Australia-based engineering services provider Worley has cut 3,000 jobs and secured an extra $465m in loans after collapsing oil prices and the coronavirus pandemic dented its project pipeline.

Worley said it laid off 5% of its employees, dropping its number of staff to 56,000 as of 31 March.

The latest announcement comes after the Australian firm said it was in a redundancy consultation process with its North Sea team but did not reveal how many jobs are at risk.

According to the company, most of the layoffs impacted workers who are engaged in lower margin construction related activities.

Worley has also put a freeze on salaries and postponed all non-essential capital expenditure (capex) in a bid to keep costs under control during the pandemic.

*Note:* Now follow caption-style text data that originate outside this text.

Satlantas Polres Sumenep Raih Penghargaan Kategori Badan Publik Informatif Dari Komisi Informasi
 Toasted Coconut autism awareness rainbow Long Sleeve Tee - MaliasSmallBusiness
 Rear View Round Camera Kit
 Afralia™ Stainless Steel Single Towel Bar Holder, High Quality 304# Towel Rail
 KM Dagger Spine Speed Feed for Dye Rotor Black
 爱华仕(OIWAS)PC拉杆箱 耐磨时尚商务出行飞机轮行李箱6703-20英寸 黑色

Worley CEO Chris Ashton said: “We are responding with agility to the rapidly changing environment. We are ensuring the safety and wellbeing of our people, we have increased our liquidity position and we continue to review and adjust the business operationally.

“I am proud of our people as they demonstrate resilience and harness their ingenuity and expertise supporting customers, colleagues and communities.”

About 20% of Worley’s revenue is currently tied to the oil and gas sector, compared to 65% previously.

The company said close to 45% of its revenue is currently derived from services provided to existing operations under longer term, multi-year contracts.

In March 2018, WorleyParsons (now Worley) has secured two project management consultancy (PMC) contracts in the Middle East.